The structural significance of the interlayer distances of the layered hybrids (CnH2n+1NH3)2MCl4

Layered perovskite-type hybrids (CnH2n+1NH3)2MCl4 are low-dimensional functional materials, of which properties depend both on the specific composition of the inorganic part and on the size of the organic part. Therefore, the hybrids (CnH2n+1NH3)2MCl4 (where M=Mn,Fe,Co,Cu,Zn and n=2,4,6,8,10,12) are designed in the following way: M changes the inorganic composition and n changes the size of the organic part. The interlayer distances between the two adjacent inorganic sheets of the hybrids (notated as d) are obtained from their X-ray diffraction patterns. The dependence of the interlayer distances on the carbon atom number, the d–n relations, are established by linear regression method. All the relations between d and n are linear with very high linear dependent coefficients. The hybrids can be divided into two groups according to their d–n relations: the group of M=Mn, Fe, Cu (notated as G1) and the group of M=Co and Zn (notated as G2). The structures are of similarity inside each group but dissimilarity between them. The structural otherness between the two groups comes from their differences of either the inorganic parts or the organic parts. The inorganic frames of G1 are corner-sharing [MCl6] octahedra but those of G2 are tetrahedra without sharing any geometrical element. It can be deduced that the organic chains have different degrees of interdegitation for different groups of hybrids.
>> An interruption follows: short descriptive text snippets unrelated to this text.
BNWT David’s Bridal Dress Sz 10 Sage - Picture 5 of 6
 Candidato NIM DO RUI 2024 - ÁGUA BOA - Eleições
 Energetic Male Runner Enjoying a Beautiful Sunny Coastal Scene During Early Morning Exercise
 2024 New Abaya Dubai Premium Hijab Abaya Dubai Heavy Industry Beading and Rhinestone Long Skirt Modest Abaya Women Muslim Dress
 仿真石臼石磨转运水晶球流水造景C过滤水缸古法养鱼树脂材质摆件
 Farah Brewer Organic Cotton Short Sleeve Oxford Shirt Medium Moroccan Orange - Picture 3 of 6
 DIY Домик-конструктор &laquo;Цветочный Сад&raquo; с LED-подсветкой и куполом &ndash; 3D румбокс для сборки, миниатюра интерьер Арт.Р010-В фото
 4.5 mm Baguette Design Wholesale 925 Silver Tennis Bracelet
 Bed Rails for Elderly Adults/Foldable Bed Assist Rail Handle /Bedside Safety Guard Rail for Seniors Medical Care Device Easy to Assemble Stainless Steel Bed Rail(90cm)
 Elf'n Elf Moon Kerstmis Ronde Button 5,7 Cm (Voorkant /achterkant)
These are in agreement with the theoretical calculation of the d values and also supported by the Infrared spectra of the hybrids.

► Layered perovskite-type hybrids (CnH2n+1NH3)2MCl4 are low-dimensional materials.
► (CnH2n+1NH3)2MCl4 are designed by changing M and n in inorganic and organic part.
► The interlayer distance d are highly linear dependent on number of carbon atoms n.
► The d–n relationships divide the hybrids into two groups.
► The structures are similar inside each group but different between the two groups.